● **REQUIRED ACTION**: Although the material holds pictures, none belong in the copy; transcribe exactly, and only, the lines from the one with "White lacy top" through the end.

● **DATASET SECTION**:
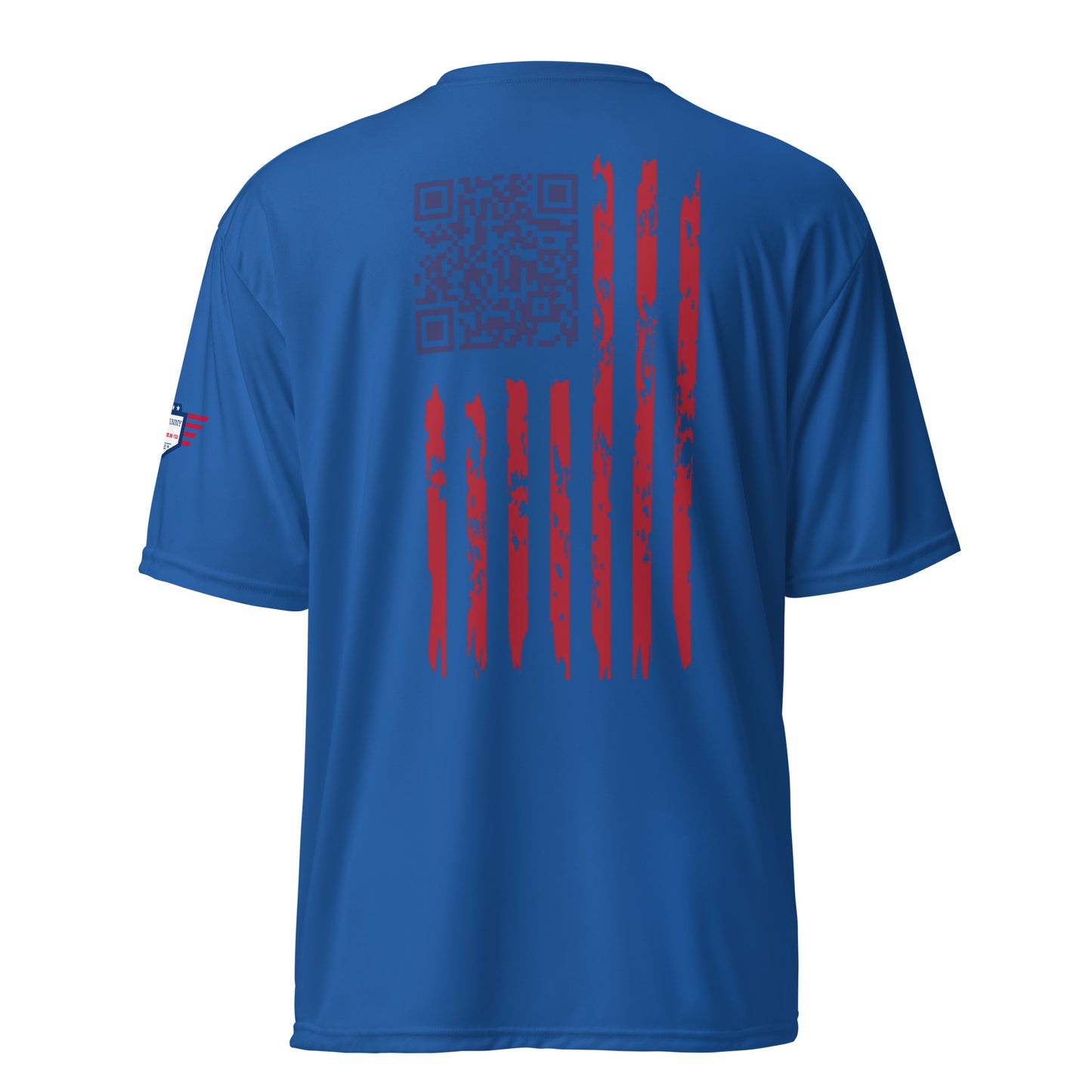 Back view of royal blue unisex tee showing QR code easter egg in distressed flag motif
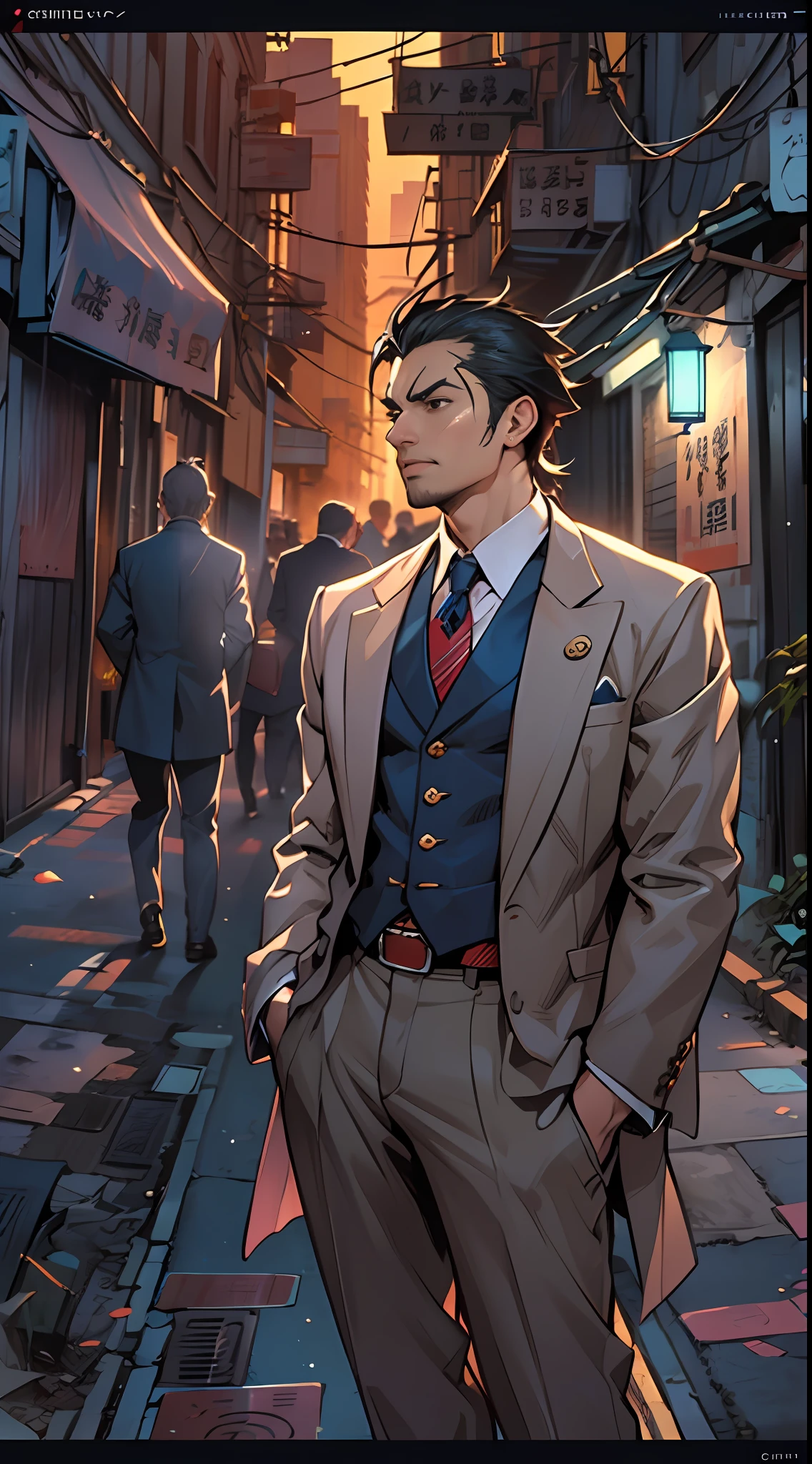 a man in a suit is standing by an alleyway in a city, in the style of masamune shirow, kathrin longhurst, lively action poses, confucian ideology, strong facial expression, navy and amber, zone focusing, 32k, best quality, masterpiece, super detail, high details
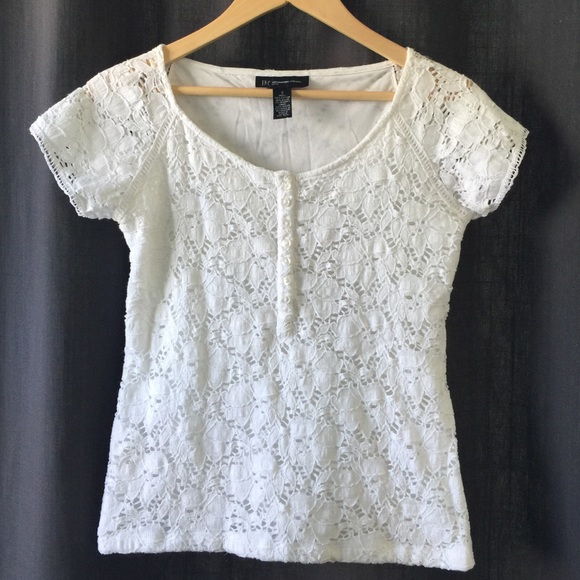 White lacy top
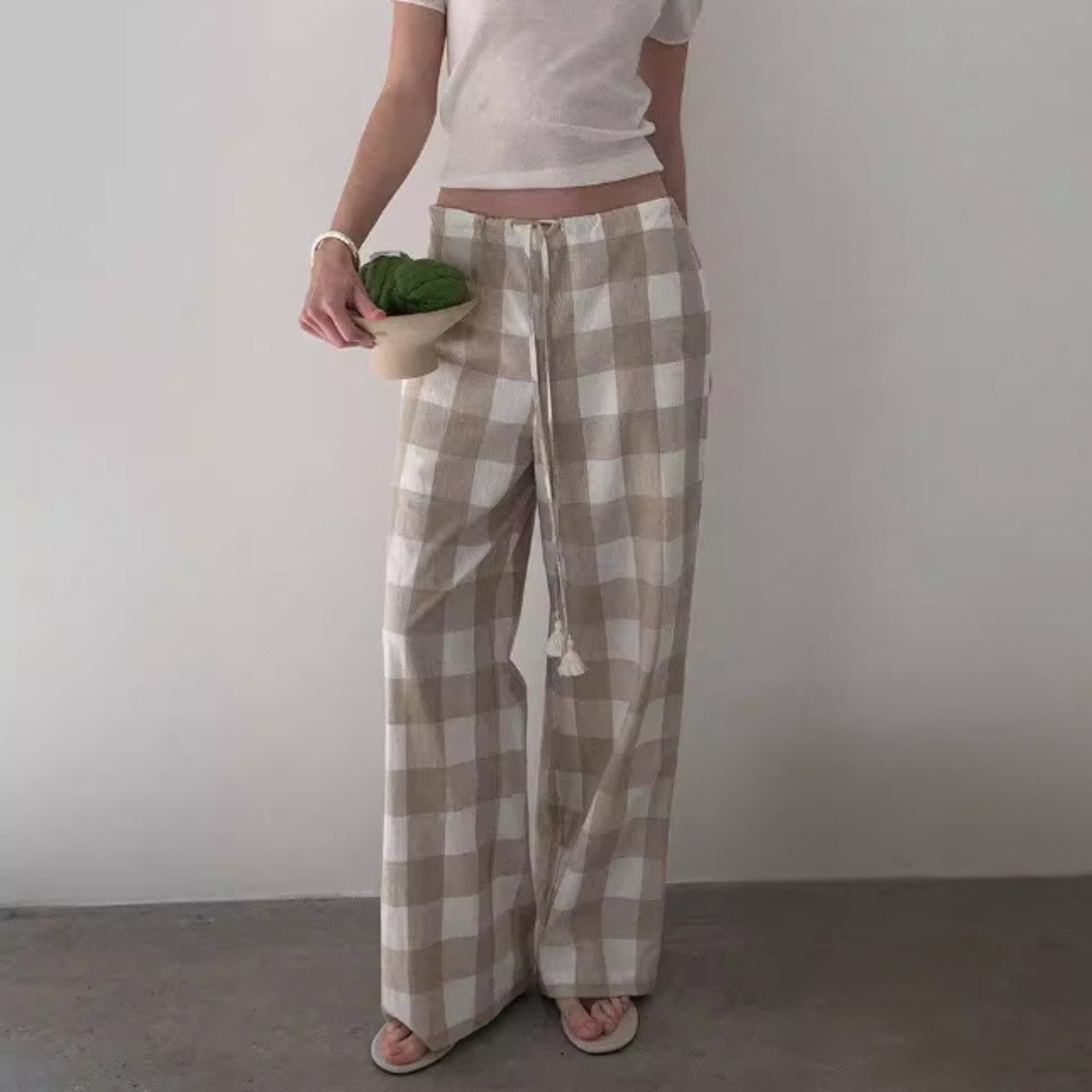 Souple Drawstring Check Pants F0611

● **ANSWER TO THE PROBLEM**:
 White lacy top
 Souple Drawstring Check Pants F0611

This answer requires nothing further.